Mas no contexto de uma pesssoa de fé, suponho que pode ser um caso especial de deísmo; extrair deus da análise da harmonia e complexidade dos processos que regem o mundo. Se for essa a sua posição, como escapa de críticas como o "god of the gaps", ou da inevitável violação ao princípio da parcimônia?
Fred, as coisas se apresentam de forma variada e múltipla à sua consciência, especialmente por dois motivos - primeiro, de acordo com a comodidade de seus sentidos físicos em matéria de conveniência biológica, ou seja, o que você percebe sensorialmente não é a realidade última, mas uma pequeníssima fração simulada da mesma, necessária para sua sobrevivência e reprodução; segundo, de acordo com a utilidade que sua consciência pode fazer delas, ou seja, o que sua mente categoriza e distingue não é também a realidade última, mas um pequeníssimo mapa representativo da mesma, conveniente para sua vida social e para algumas funções menos animalescas. Se seu insight alcançar este ponto, perceberá que alguns conceitos de percepções humanas como belo e feio, maior e menor, quente e frio, entre outros, são relatividades ilusórias que ocorrem dentro da mente e que não possuem nenhuma existência intrínseca. Se ir mais além em sua ânsia pela Verdade, acabará por desvelar que alguns outros princípios muito mais temidos como passado e futuro, interno e externo, nascimento e morte também não passam da mesma coisa.
Eu posso ter antecipado demais já que sua descrição ainda não foi específica, então se seu construto é totalmente diferente e essas perguntas forem impertinentes, só dizer; mas aí, peço que explique exatamente em que você acredita, para eu poder cutucar adequadamente.
Fred, na medida em que seu espírito ousar rasgar o véu das aparências, se verá ao mesmo tempo rasgando o véu da separação e das distinções. Se os fenômenos da "matrix" soam efêmeros e dissociados, a realidade última denuncia o contrário - que todas as coisas são
interligadas e interdependentes. A distinção é relativa, fruto de uma ilusão dos sentidos e do pensamento.

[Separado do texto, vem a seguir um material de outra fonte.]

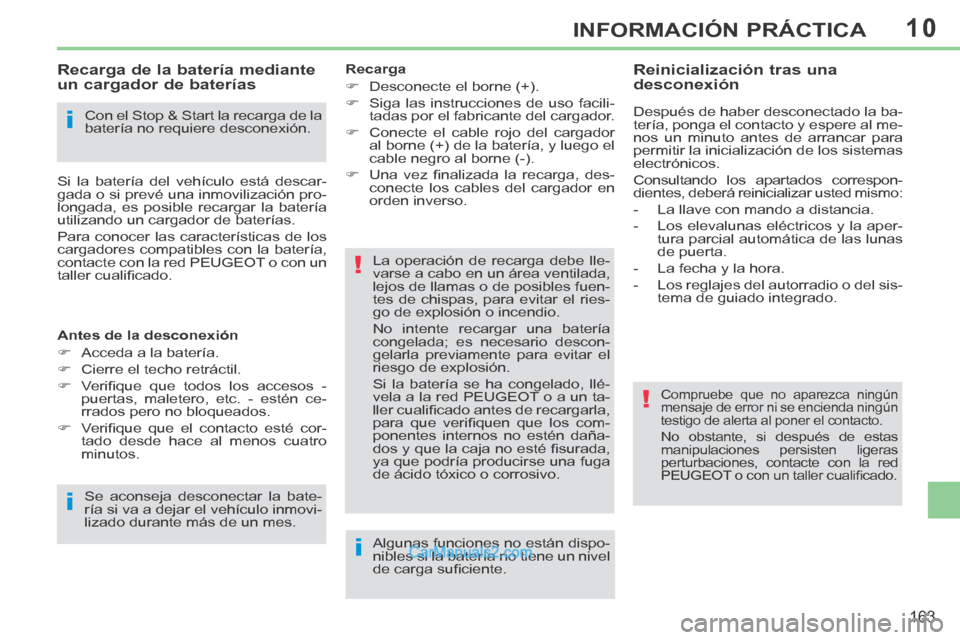 Peugeot 308 CC 2014 Manual del propietario (in Spanish) 10
i
i
!
!
i
163
INFORMACIÓN PRÁCTICA
Con el Stop & Start la recarga de la
batería no requiere desconexión.
Recarga de la batería mediante
un cargador de baterías
Si la bater Peugeot 308 CC 2014 Manual del propietario (in Spanish) 10
i
i
!
!
i
163
INFORMACIÓN PRÁCTICA
Con el Stop & Start la recarga de la
batería no requiere desconexión.
Recarga de la batería mediante
un cargador de baterías
Si la bater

Não é de uma divindade ou ídolo esculpido por mãos humanas que dou testemunho, mas deste Incognoscível, desta Fonte Suprema a qual Heráclito chamou
λόγος ( LOGOS )sobre a qual declarou em seus Fragmentos -
"Este mundo, o mesmo de todos os seres, nenhum deus, nenhum homem o fez, mas era, é e sempre será
um fogo eternamente vivo, acendendo-se em medidas e extinguindo-se em medidas".
Para mim vai ser fascinante descobrir como você construiu esse modelo.
Não é uma construção minha, mas uma sabedoria perene simbolizada e representada de diversas formas em muitas culturas ao longo dos séculos, como O Verbo de Jakob Böhme, a Anima Mundi dos rosacruzes e estoicos, o Tao dos chineses... este tipo de verdade não se alcança por meio dos sentidos que apreendem o mundo das aparências, ou por meio do pensamento convencional que categoriza e distingue, mas por meio da
contemplatio a respeito da qual iniciados como Platão escreveram ao longo dos séculos.
T+
Abraço!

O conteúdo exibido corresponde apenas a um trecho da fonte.